• **Work to complete**: Print the data below exactly, but only the lines from the one containing "パーリーゲイツ　中綿ロングパーカー　蓄熱裏地　グレー×オフホワイト　ゴルフ" down to the one containing "Ferienhaus Seaside Bangpor", inclusive.

───── Data supplied ─────

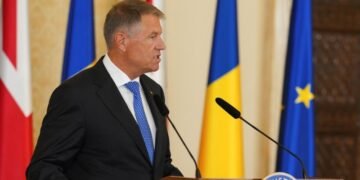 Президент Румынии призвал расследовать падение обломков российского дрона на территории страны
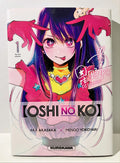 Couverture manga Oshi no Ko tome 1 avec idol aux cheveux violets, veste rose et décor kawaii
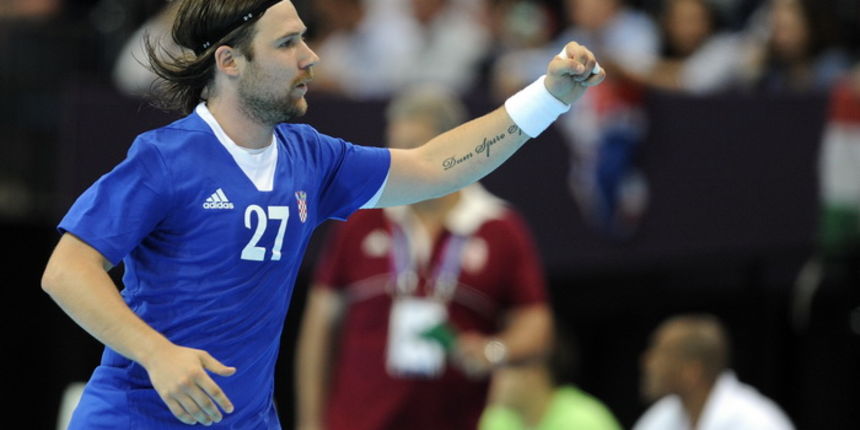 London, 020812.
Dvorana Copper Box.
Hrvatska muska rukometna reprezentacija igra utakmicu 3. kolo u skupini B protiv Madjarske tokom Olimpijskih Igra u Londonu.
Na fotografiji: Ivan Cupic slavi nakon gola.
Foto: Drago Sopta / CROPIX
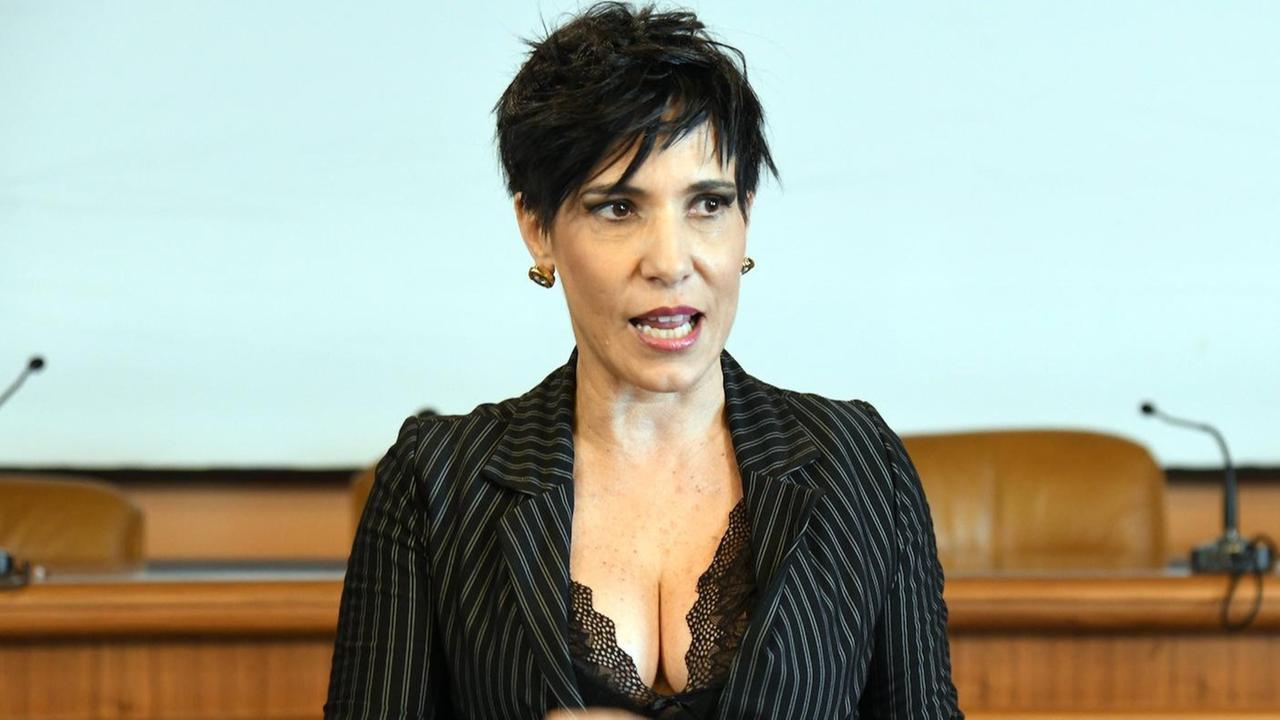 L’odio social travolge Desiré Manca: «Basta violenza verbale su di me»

─────
───── Data supplied ─────

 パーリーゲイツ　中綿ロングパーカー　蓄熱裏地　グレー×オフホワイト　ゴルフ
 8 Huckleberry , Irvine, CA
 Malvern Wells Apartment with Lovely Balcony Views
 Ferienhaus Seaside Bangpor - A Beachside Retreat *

─────

• **Solution for this problem**:
 パーリーゲイツ　中綿ロングパーカー　蓄熱裏地　グレー×オフホワイト　ゴルフ
 8 Huckleberry , Irvine, CA
 Malvern Wells Apartment with Lovely Balcony Views
 Ferienhaus Seaside Bangpor - A Beachside Retreat *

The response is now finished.